Photography is the primary way in which I can communicate my ideas to the world. It is often my first thought when I see something I feel needs to be expressed, “how can I capture that in a  photograph?” My projects often explore the theme of human impact on the environment, the contrasts of urban existence with nature, and individual memory vs. group memory.

I first picked up a camera in 1993 – a friend loaned me his dad’s Nikon F and said, “play with it and see if you like photography.” I did and a week later I’d bought my own Canon Ftb and went on a shooting frenzy. Within a month I was processing my own negs in the bathroom and out hitting up commercial photographers for assisting gigs. I struck gold when the photographer who would become my mentor hired me as one of his assistants. John Douglas Kenney was himself an assistant to Irving Penn in the 80’s, and a true professional in commercial and portrait photography. He taught me everything I know about shooting portraiture. I spent a lot of my free time in John’s studio experimenting – either in the darkroom, or with the studio itself.

As the 90’s rolled on, my work moved away from people and portraiture into the effects people have on their environment. Much like Irving Penn and his ‘Cigarettes’ series, I focussed on the remnants of humanity – the things left behind, the discarded object, the thing you walk by everyday but never really look at. I took an extraterrestrial view and found fascination in the everyday.

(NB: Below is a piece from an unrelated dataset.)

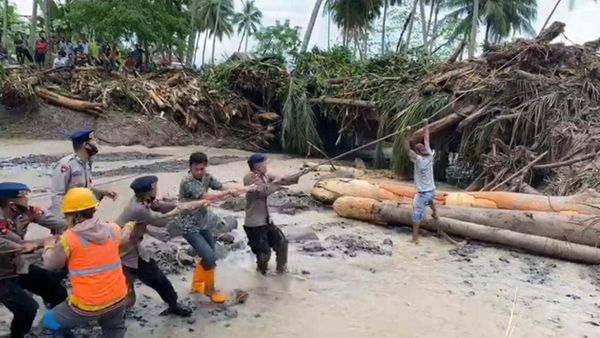 Berita Terkini: Bone Bolango Gorontalo Diserbu Banjir Bandang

Living in Vancouver, Canada, nature engulfs the urban and that relationship has coloured much of my work. Humanity paves down Nature in its effort to urbanize, and Nature eventually creeps back into dominance through the process of time and decay – a process I have found myself attracted to. I have documented that process of decay and ‘exquisite decrepitude’ (Wrecks [2008], and Bear Pit [2013]), documented the relationship between humanity and nature via our resource industry (Pyres [2008-2010]), abstracted the everyday (Carnage [2009]), and used impressionism to convey my ideas on the taming of nature and the quest for solitude (Beaver Lake by the Numbers [2010]). I also spent this time paying homage to my major photographic influences – Ansel Adams, Hiroshi Sugimoto, Edward Burtynsky, Andreas Gursky, and studying the ideas of my major artistic influences – David Bowie, Brian Eno, and Marcel Duchamp.

In 2014 I started a new project that would take both me and my photography in new directions: Time Passages. I became very interested in the technique and process of long-exposure photography and spent a lot of time experimenting and perfecting the process. The experimentation paid off, but I felt the process didn’t allow for the accident of chance to infiltrate. I wanted to experiment further with long-exposures. Find a new way. My way.

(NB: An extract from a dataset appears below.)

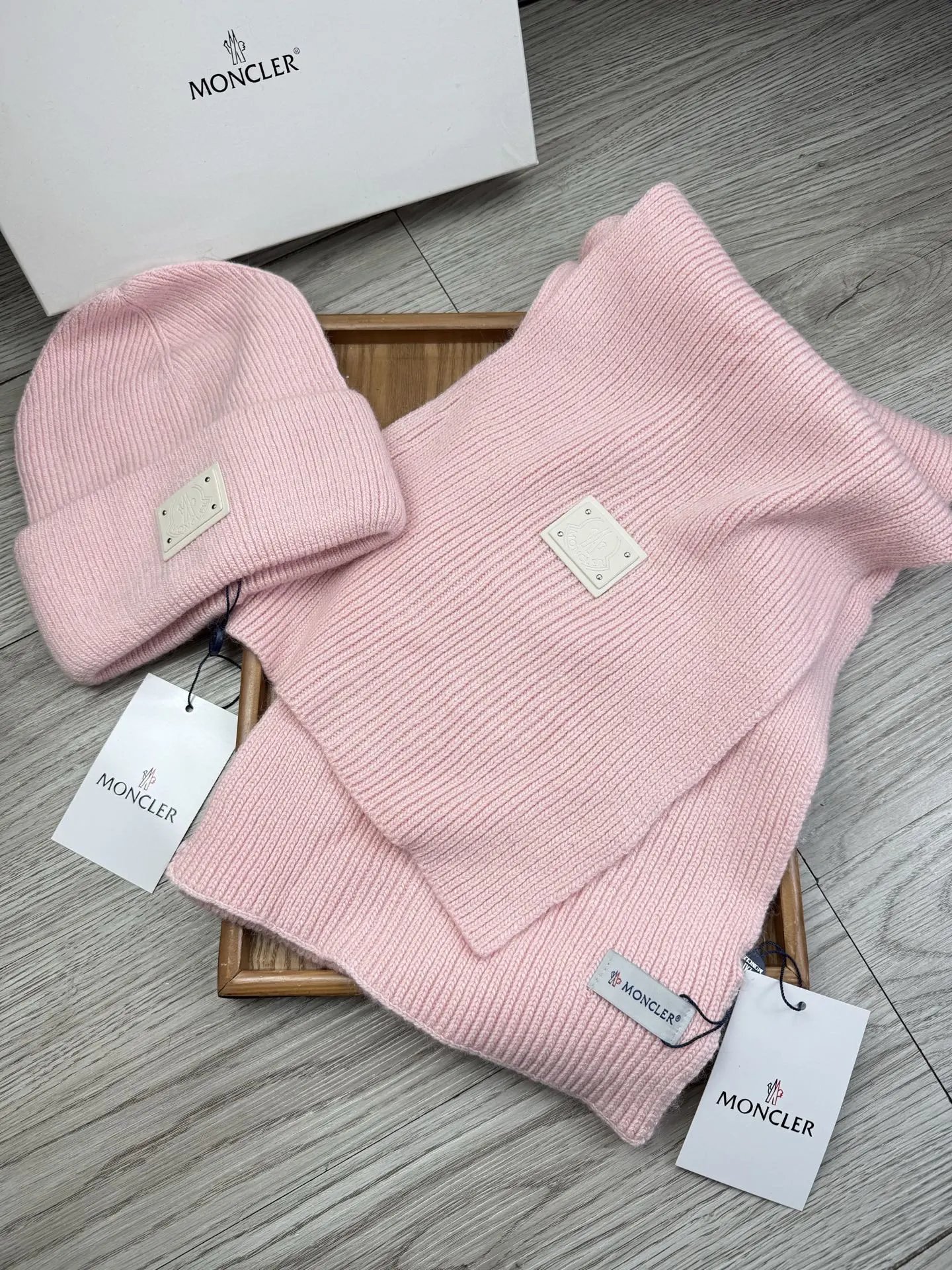 Moncler Wool Rabbit Fur Scarf & Hat Set Ver.D — QC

With Time Passages, I have found that way. By taking to the water on ferries and passenger boats, or on land by train, I have gained a new perspective and relinquished control. The technical aspects of photography take command and chance has an opportunity to influence the outcome of the image via the movements of the boats and their course changes, the weather conditions and ocean swells, and the way in which the camera records the scene. The outcome is a series of images that evoke memory and recognition of place; ephemeral, ‘painterly’ landscapes and cityscapes that are familiar yet alien. A new way of seeing.